The rates of ischemic stroke and ST‐segment elevation myocardial infarction (STEMI) have decreased substantially since 1950. The Centers for Disease Control and Prevention (CDC) estimates that from 1950 to 1999, deaths from myocardial infarction (MI) decreased by 56% and deaths from stroke by 70%.1 Fang and colleagues2 found nearly a 50% decrease in the incidence of stroke in the United States from 1988 to 2008. In the Atherosclerosis Risk in Communities (ARIC) study, the rate of MI decreased by 4.7% per year in patients without a history of MI.3 The Kaiser Permanente Northern California Health Care System found a 24% decrease in MI incidence between 2000 and 2008.4 Similar decreases in incidence were seen in many countries including a nearly 50% decline in MI in Denmark between 1984 and 2008,5 a 74% decrease in MI in the Whitehall II study from the United Kingdom,6 and a greater than 60% decrease in MI in Zagreb, Croatia, from 1979 to 2001.7 In Canada, the rate of hospital admissions for stroke decreased by 27% between 1995 and 2004.8 In a study from the Joinville community in Brazil, the rate of stroke declined by 27%.9 The CDC has attributed the declines to primary preventive efforts including reductions in smoking, blood pressure, and blood cholesterol.
There have been, however, several reports that the decreasing trends in stroke and MI are now abating or potentially reversing.

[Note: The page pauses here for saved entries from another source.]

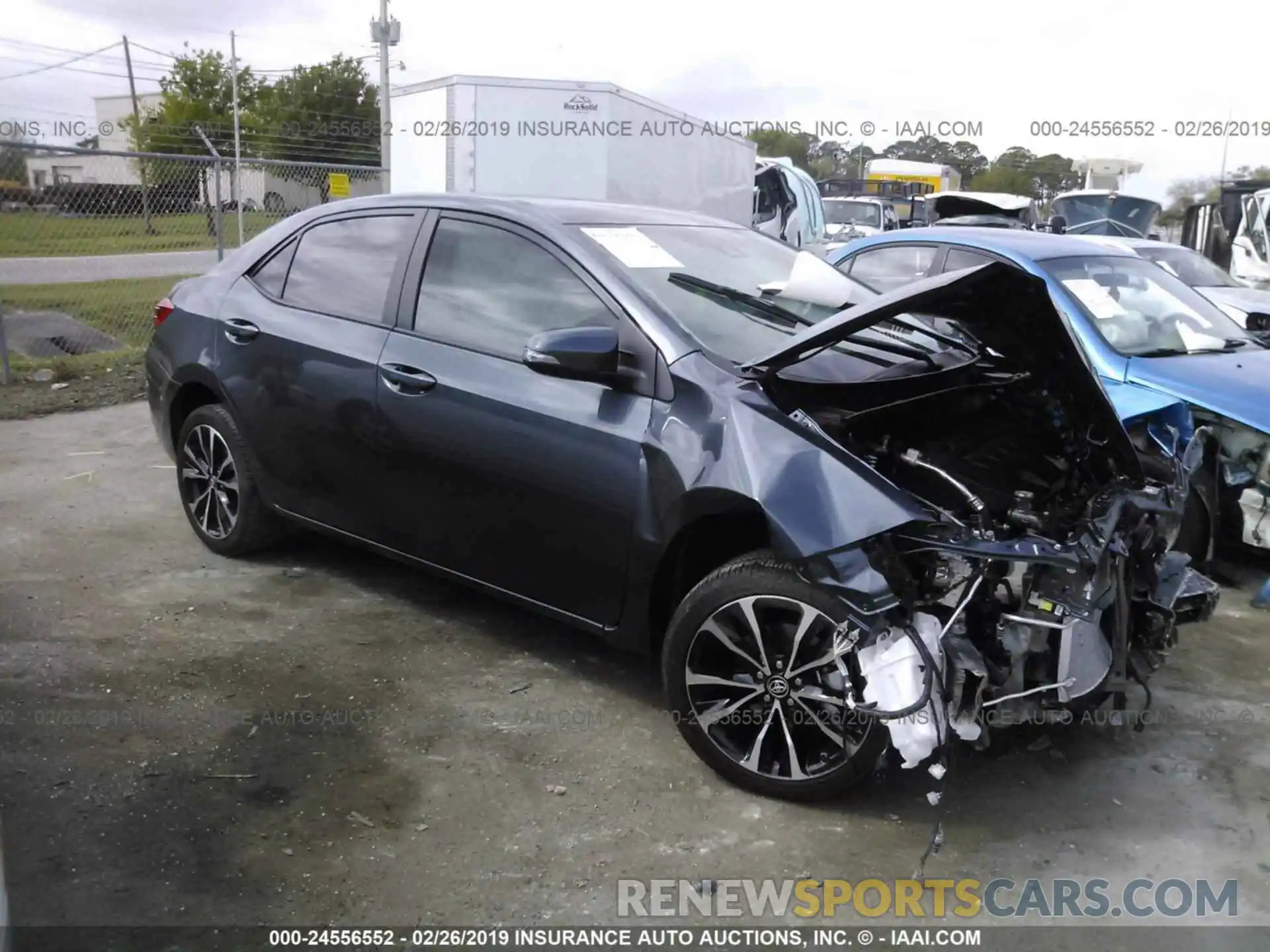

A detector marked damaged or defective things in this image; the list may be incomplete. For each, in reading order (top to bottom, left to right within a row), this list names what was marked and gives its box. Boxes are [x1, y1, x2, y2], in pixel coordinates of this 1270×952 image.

damaged gray sedan [146, 197, 1222, 799]
crumpled hood [741, 260, 1148, 479]
blue damaged car [836, 229, 1270, 558]
crumpled hood [1127, 346, 1270, 434]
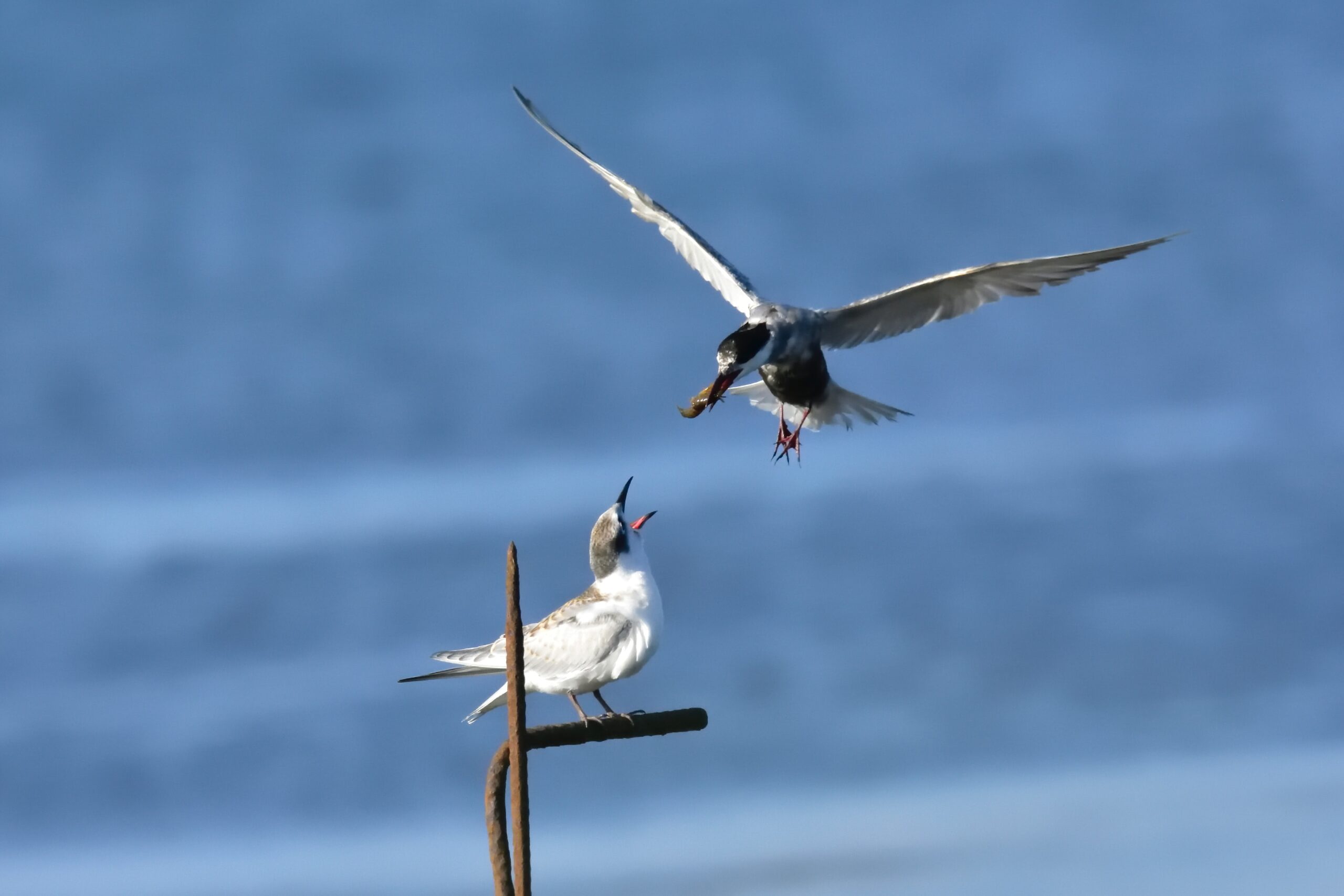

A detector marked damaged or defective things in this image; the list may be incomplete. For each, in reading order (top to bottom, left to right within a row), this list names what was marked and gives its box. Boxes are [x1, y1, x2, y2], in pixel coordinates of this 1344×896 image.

Lee et al10 reported increases in MI during the early years of the 21st century in Taiwan. As early as the 1980s, there were reports of a slowing of the decline in stroke rates in the United States.11 Kissela and colleagues12 found a decreasing trend of ischemic stroke incidence in patients aged 55 years and older but an increasing trend in those younger than 55. Similar results were found in Dijon, France, in young men.13 Recent studies have shown similar increases in stroke hospitalizations in young adults the United States and Denmark.14, 15
Age‐period‐cohort (APC) analyses have been used to study changes in trends of these variables over time. The age component provides insight into the effect of physiological changes over time due to aging. The period component allows for an understanding of how secular changes over time affect outcomes. These could include improvements in healthcare over time that may have population‐wide effects during the period under study. The birth cohort component provides information on the effect of early‐life influences on outcomes. Individuals in a birth cohort share similar life course experiences, ie, period effects occur at the same age for individuals within the birth cohort.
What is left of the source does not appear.